* Excerpted records *
^^^^

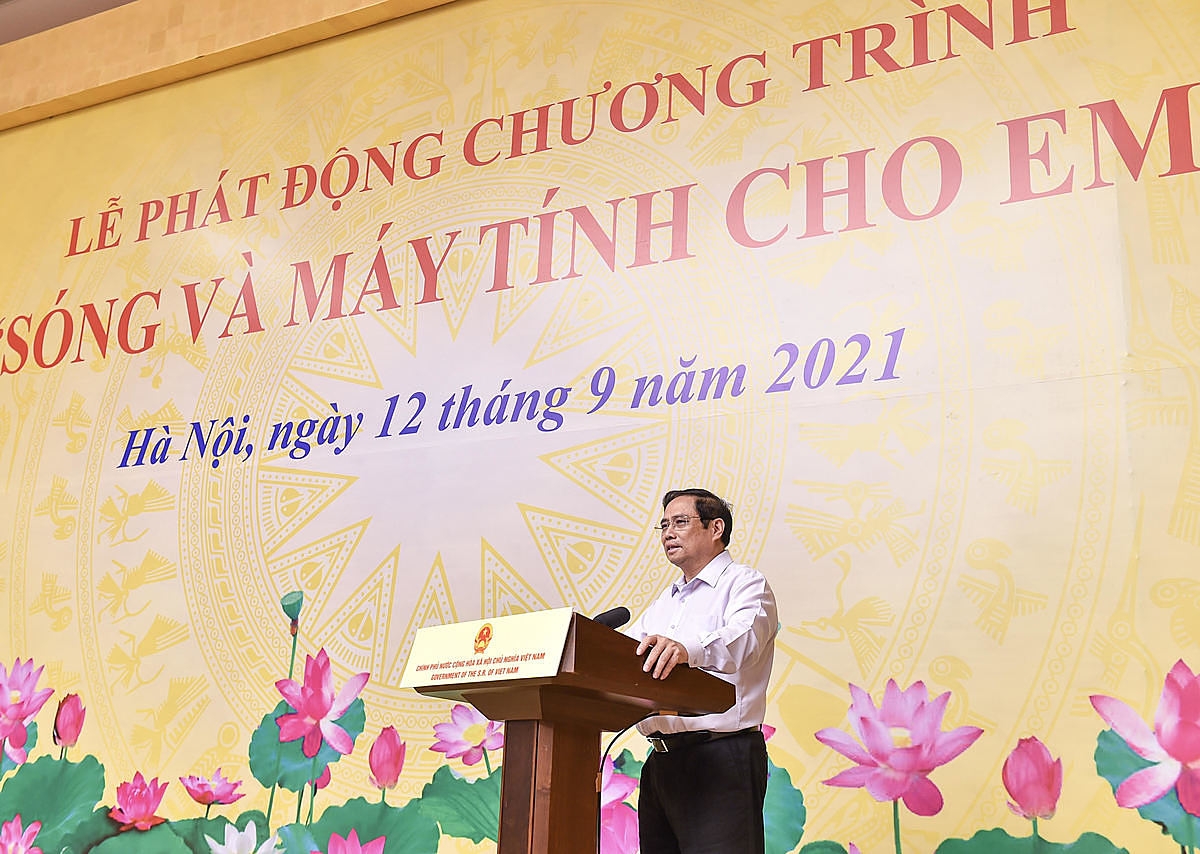 Thủ tướng Chính phủ Phạm Minh Chính phát động chương trình “Sóng và máy tính cho em”.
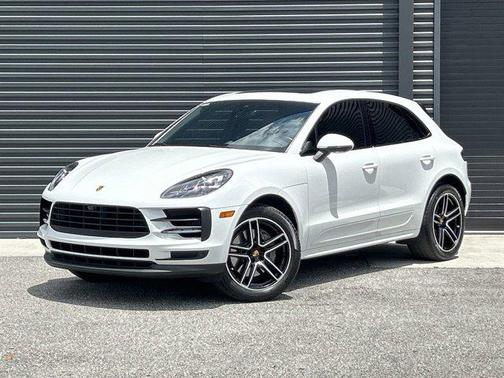 2021 Porsche Macan Base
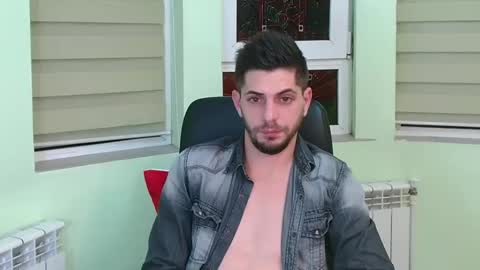 independent model online show from January 14, 9:30 pm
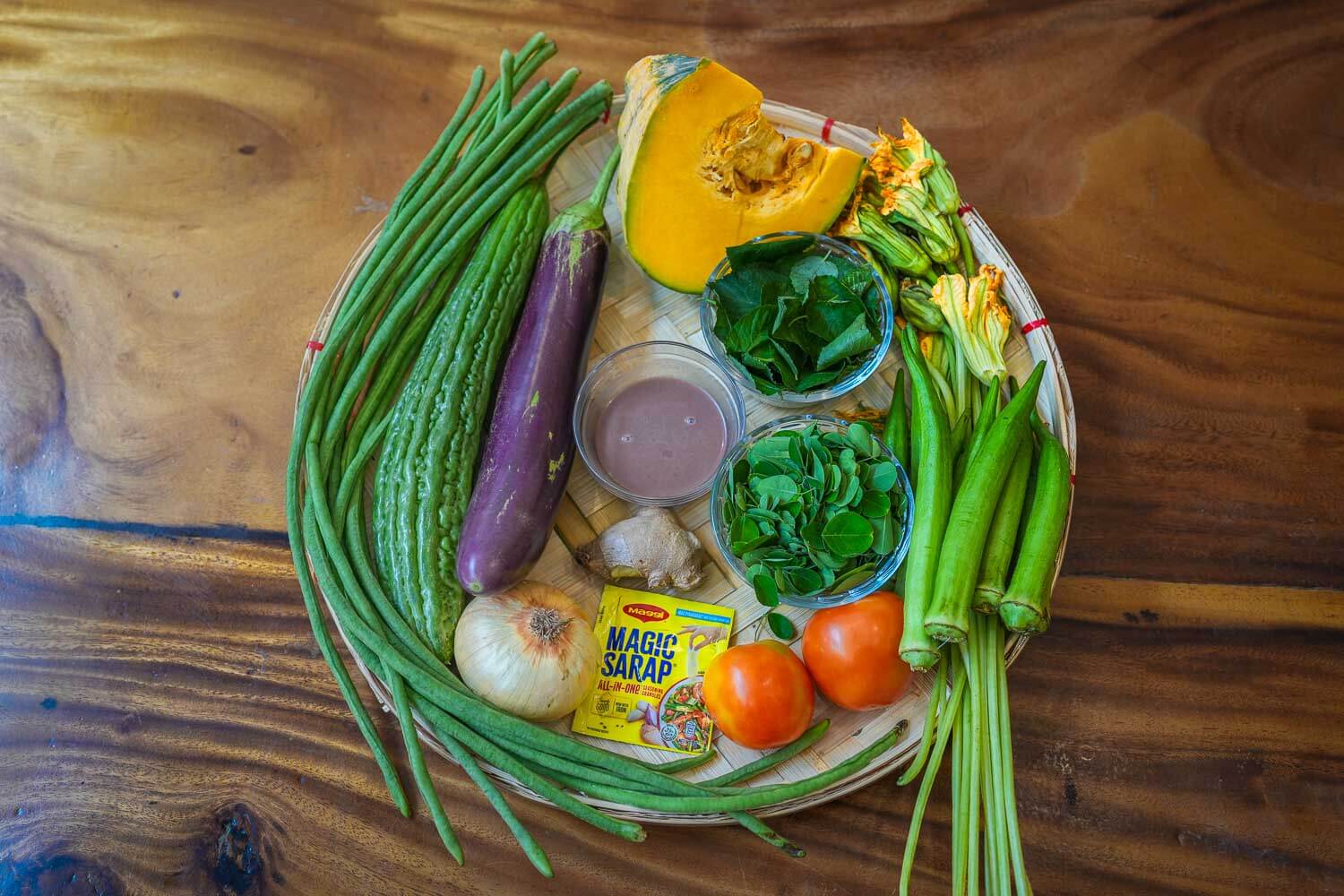 Dinengdeng ingredients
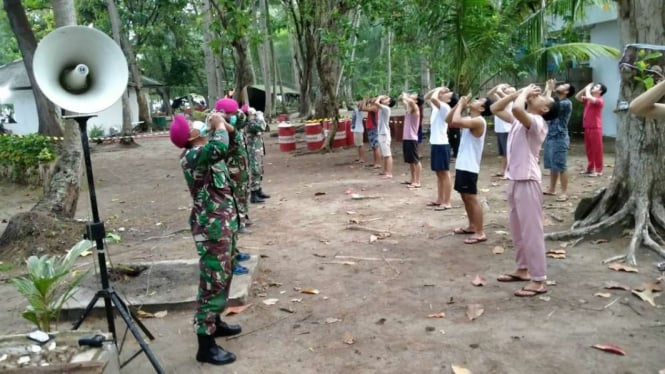 Anggota TNI Pimpin Olahraga di Pulau Sebaru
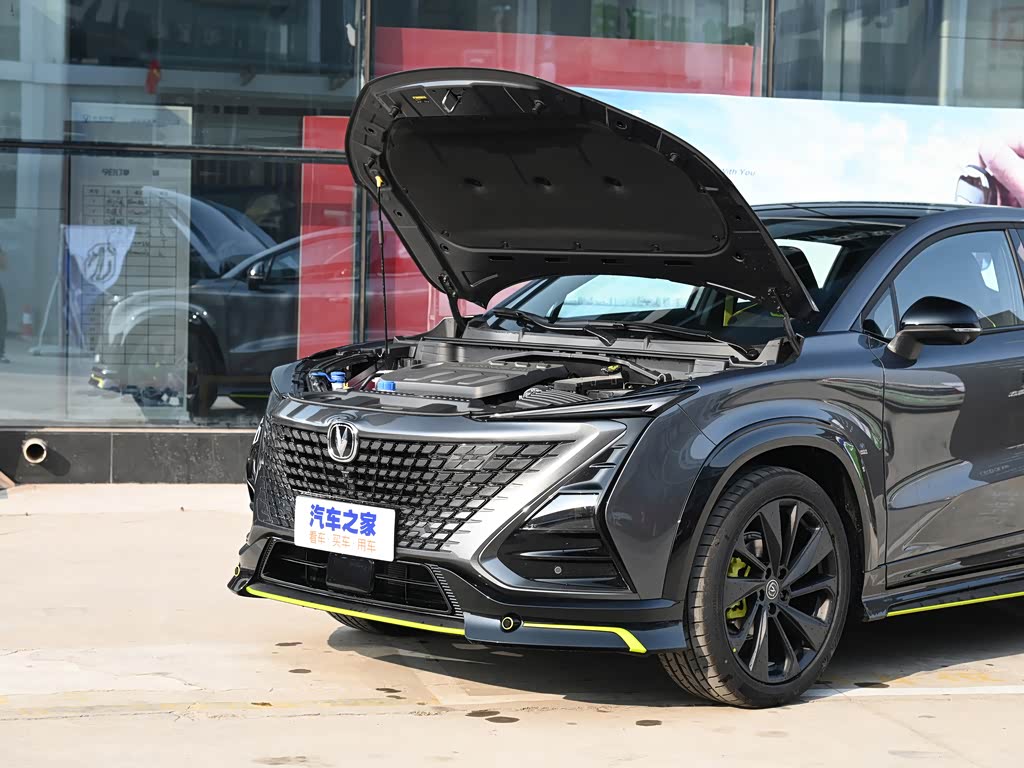 长安汽车 长安uni-t 2022款 1.5t 运动版 尊贵型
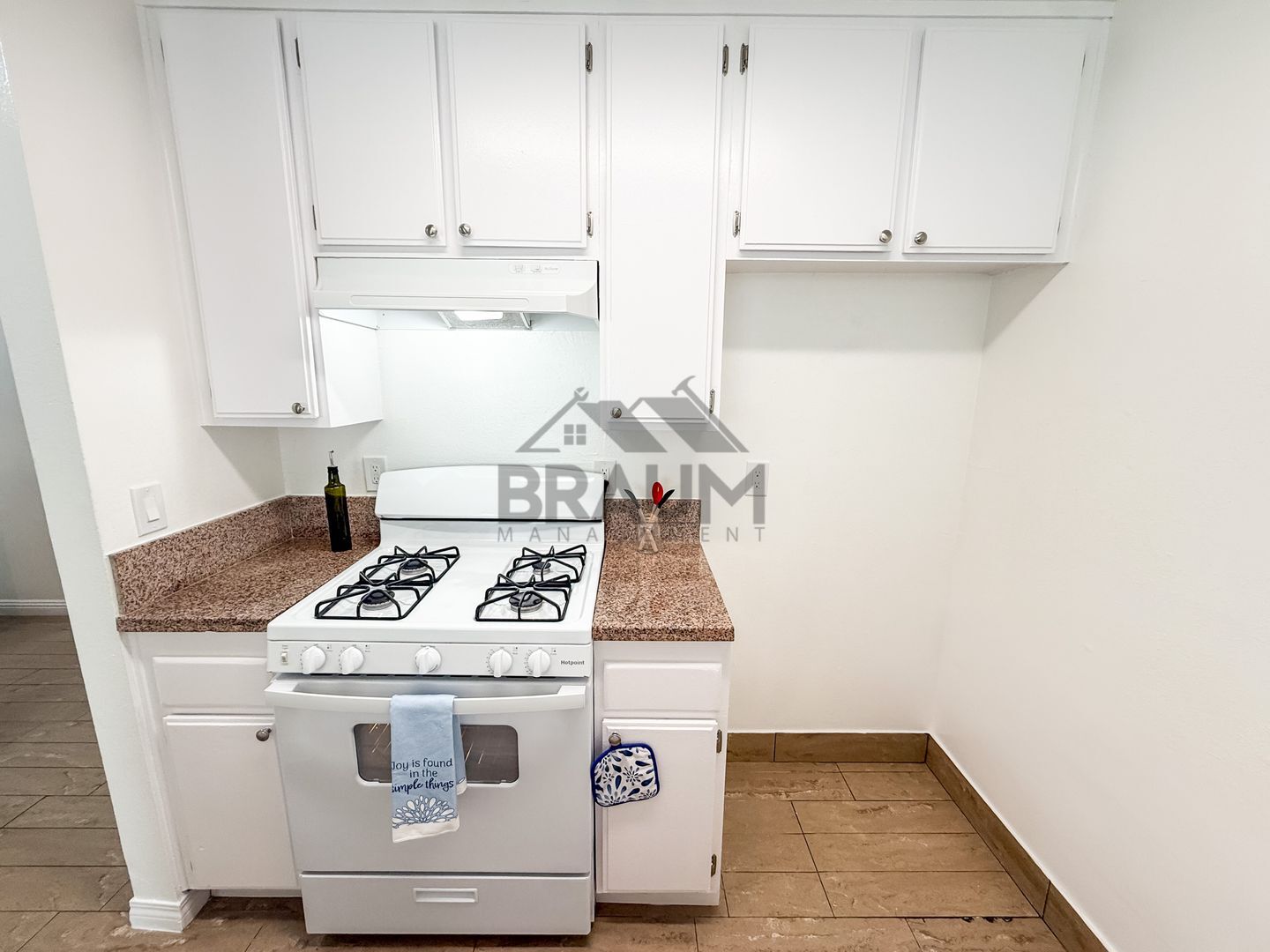 Building Photo - 6612 Sylmar Ave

^^^^

* Required work *
Only the lines from the one containing "Dinengdeng ingredients" through the last line of the entries above should be copied, exactly as they are and without the pictures.

* Result of the task *
 Dinengdeng ingredients
 Anggota TNI Pimpin Olahraga di Pulau Sebaru
 长安汽车 长安uni-t 2022款 1.5t 运动版 尊贵型
 Building Photo - 6612 Sylmar Ave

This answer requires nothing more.